Title: The Art of Swerving
To: keewick
From: Click here to guess!
Rating: NR

Brian's sitting on his bathroom floor, tile cold under his ass, trying to remember some queen-y thing Justin said about art and beauty and truth. It was at lunch more than a week ago and Brian can't remember exactly what it was, because it was before he knew about the cancer so it wasn't supposed to mean anything. Back then, stupid shit Justin babbled under the clatter of plates at the diner was meant to be forgotten.

But then Brian went and got fucking cancer and suddenly everything might mean something, might be some hint as to the how and why of it all. So, Brian's been sitting on his bathroom floor for something like twenty minutes trying to remember what Justin said. Brian gives up when he glances at his watch, realizes Justin will probably be here soon and thinks about the way his mother used to hide her empty bottles under the sink just before Jack came home at night.

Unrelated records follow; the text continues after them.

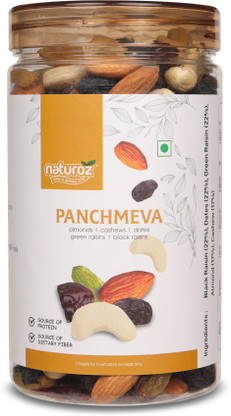 Naturoz Panchmeva - Dry Fruit Mix - Almond,Cashew,Dates,Black Raisin,Green Raisin (400 g)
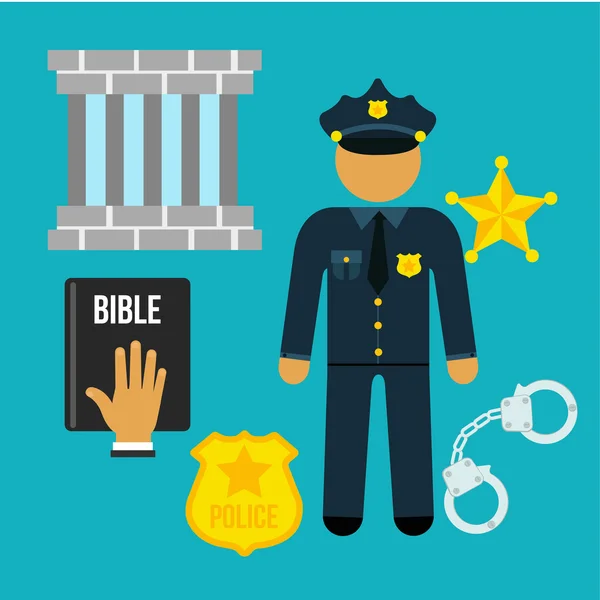 Crimen vectorial y policía hombre iconos sociales planos conjunto — Vector de stock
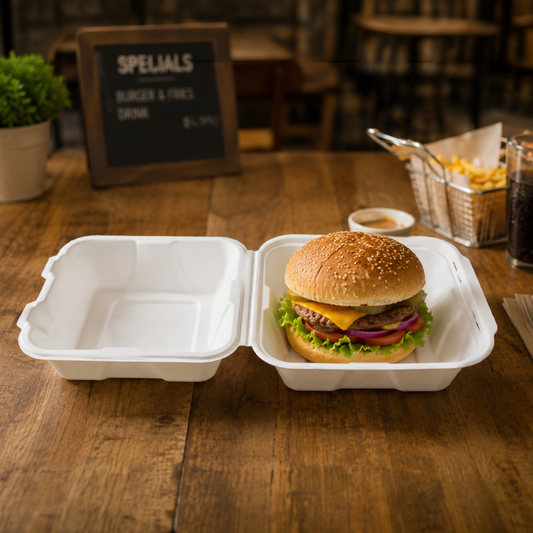 Pack of 50 - Clamshell 6 x 6 Burger Box - 100% Plastic FREE Sugarcane Disposable Tableware by "Alternuts - Healthy Alternatives"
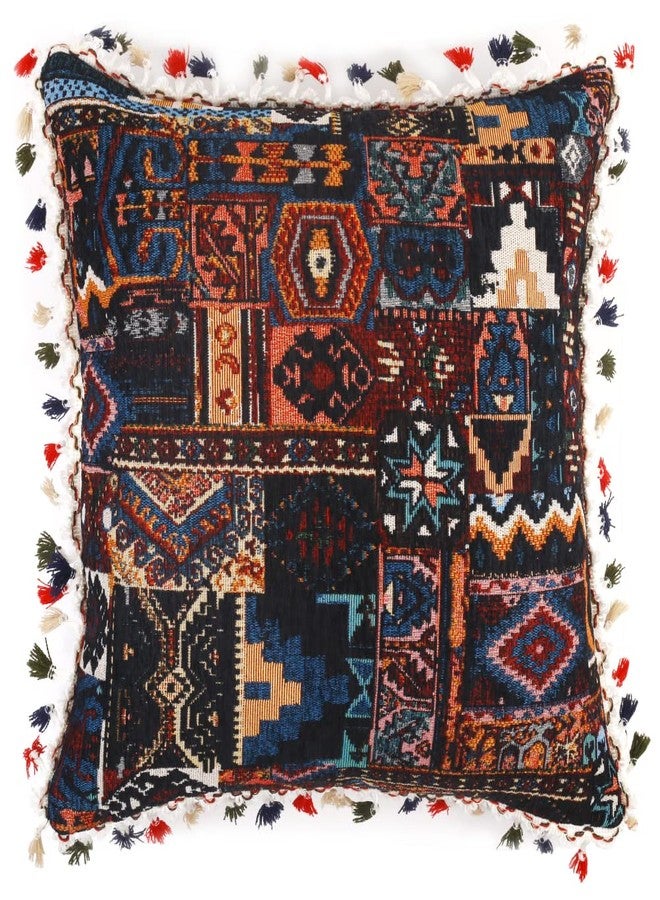 Yeiotsy Decorative Boho Throw Pillow Cover with Tassel Colorful Bohemian Tufted Pillowcase for Sofa Bed Home Decor (18 X 18 Inches, Black) - Image 1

Two hours later, Brian's on the floor again, this time next to the bed and he's thinking he'll probably climb up into it soon. It's a lot less appealing when it's empty-- not something he's used to thinking. Brian maneuvers his limbs under the sheets and wrinkles his nose at the stale smell of sweat. It's barely evening, but Brian knows he'll be asleep in minutes and he also knows that when he does, it'll be the end of the fifteenth day with cancer and of the first day that Justin isn't coming back.

*

Every time Brian sees Ted these days, he's wearing another new suit. Brian approves, thinks that at least the cancer seems to have an upside for someone. And, really, knowing that he looks like he's been on a week-long crystal bender while seeing Theodore in Armani every day, isn't depressing at all. Not even a little.

"And he said it's not that anything's changed, I really sealed the account, but he thinks we should have one more meeting." Ted smirks. "The clothes optional kind, I suspect."

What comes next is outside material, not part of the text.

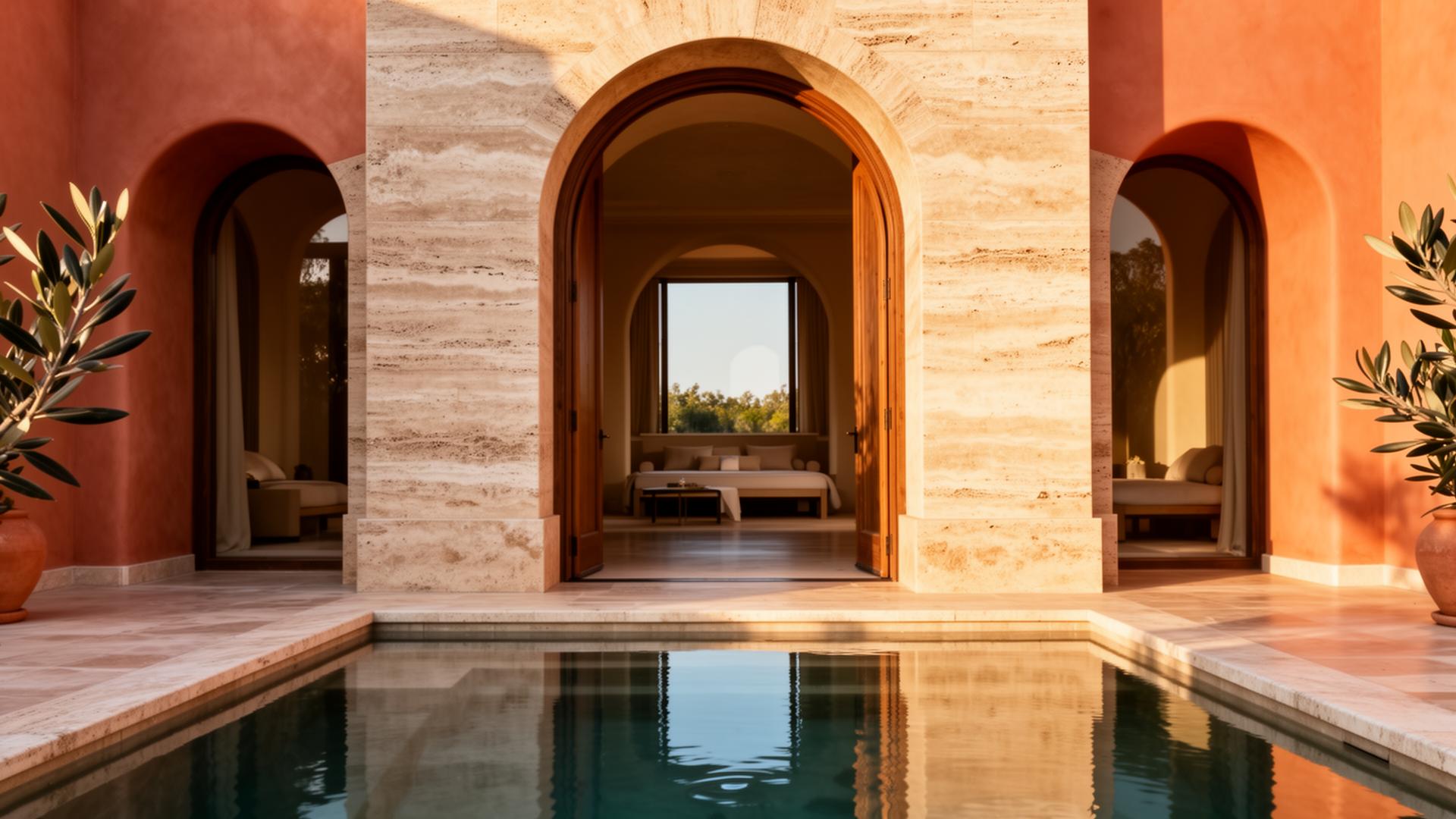 Arched travertine doorway with reflecting pool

"Well, Theodore, you always were good at putting two and two together." Brian slides further down in his chair, but he is not going home before lunch. At least once this week he's going to make it through the morning before slinking home to his empty bed. Brian blinks up at Ted.

Ted tips his head to the side, smiles crookedly and brings Brian another can of ginger-ale without being asked and even wipes the top with a tissue before opening it. The liquid's warm and slightly flat like cheap champagne at some shitty fundraiser.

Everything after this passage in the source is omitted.